Backtracking • Consider the following grammar : S ::= ‘c’ A ‘d’ A ::= ‘a’ ‘b’ | ‘a’ • Suppose the input sequence is “cad”. • Parser consumes ‘c’. • Chooses first alternative for A and consumes ‘a’. • Parser now looking for a ‘b’ which is not present. • Parser must backtrack and try the second alternative for A. • Parser consumes ‘a’. • Parser consumes ‘d’. • Backtracking is inefficient and makes the parser more complex to write.

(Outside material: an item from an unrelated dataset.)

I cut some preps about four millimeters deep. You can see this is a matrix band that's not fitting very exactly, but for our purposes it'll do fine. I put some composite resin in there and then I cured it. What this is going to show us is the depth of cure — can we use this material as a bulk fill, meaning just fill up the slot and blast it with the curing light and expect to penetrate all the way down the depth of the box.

Predictive Parsing • It is reasonably straightforward to construct a grammar which can be parsed without backtracking. • Simplest type is the LL(1) grammar : • An LL(1) grammar can be parsed by reading the input left to right. • At each step the leftmost derivation is produced. • Only the leftmost non-terminal in the sequence is replaced. • Which production rule should be used at each step can be uniquely determined from the tokens already consumed, the current input token and a peek at the next input token. • 1 token lookahead. • C-- has an LL(1) grammar. • Ideal for recursive descent predictive parsing.

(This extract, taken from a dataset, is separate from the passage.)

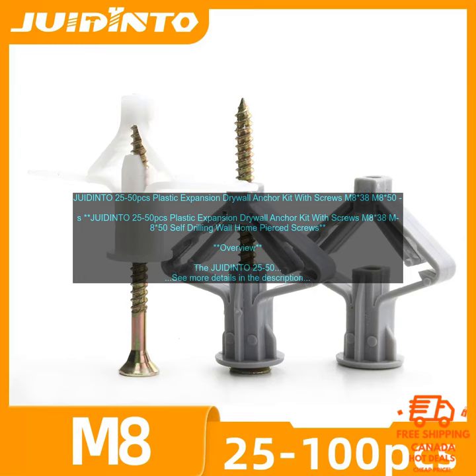The anchors are made of high-quality plastic and the screws are made of steel, making them strong and durable. The anchors expand when they are inserted into the drywall, creating a tight hold that will prevent the object from slipping or falling. The screws are self-drilling, so you can easily install them without having to pre-drill a hole.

Summary • Syntax analysis : determining whether or not a file contains a syntactically correct program. • Recursive descent parsing : One subprogram to syntax analyse each (major) syntactic construct. • Symbol table holds information about user defined identifiers for use in syntax analysis and code generation. • Abstract syntax tree holds an abstract representation of the statements for use in syntax analysis and code generation. • Chomsky grammars are used to define the syntax of programming languages. • C-- has an LL(1) Chomsky type 2 grammar.